# Fresh Pasta Portion Size?



## 1031creative (May 22, 2016)

Hi all!   We're finishing development of the menu for a higher end pizzacentric restaurant that will be offering a few fresh pasta dishes as well (fresh pasta made daily in house). Any other restaurateurs/chefs serving fresh pasta, and what portion sizes are you generally going with, uncooked (again, fresh pasta, not dried)?

Thanks for any advice!

Chris


----------



## cheflew (May 23, 2016)

We generally used  4 oz fresh as the standard, simply because most fresh pasta recipes, made in bulk, break down to 1 1/4 LB, (or at least they did when we were doing them) however, you can use whichever size of portion you wish.  Keep in mind whether it's a starter (antipasti or antipasto), primo or secondo the portion sizes will smaller or larger.
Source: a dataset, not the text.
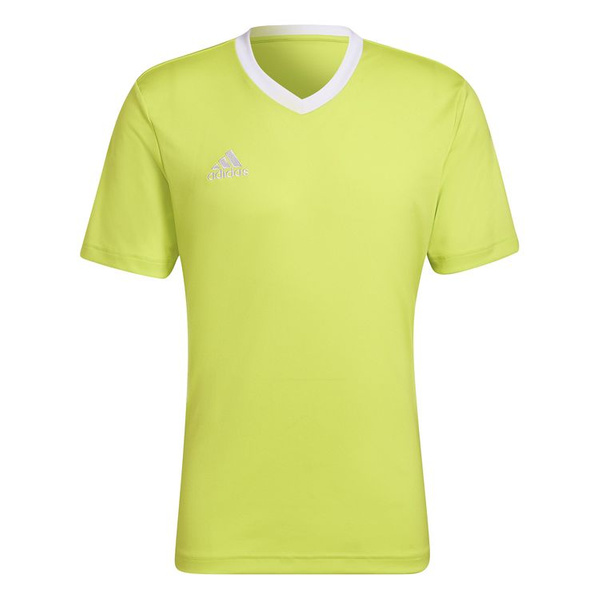 Koszulka męska adidas Entrada 22 Jersey jasno-zielona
If "fresh pasta" is the highlight point of the dish, meaning the main portion, (which is what it seems to be) I would possibly go with 6, or even 8oz portions depending on if the dish is straight pasta or if it has some other item with it.

Make all of the dishes on the menu in different sizes before you open, and ask yourself "would I pay for this" and be objective about it, if you wouldn't or you would be disappointed, add a bit more.  

This is the best advice that I can give.


----------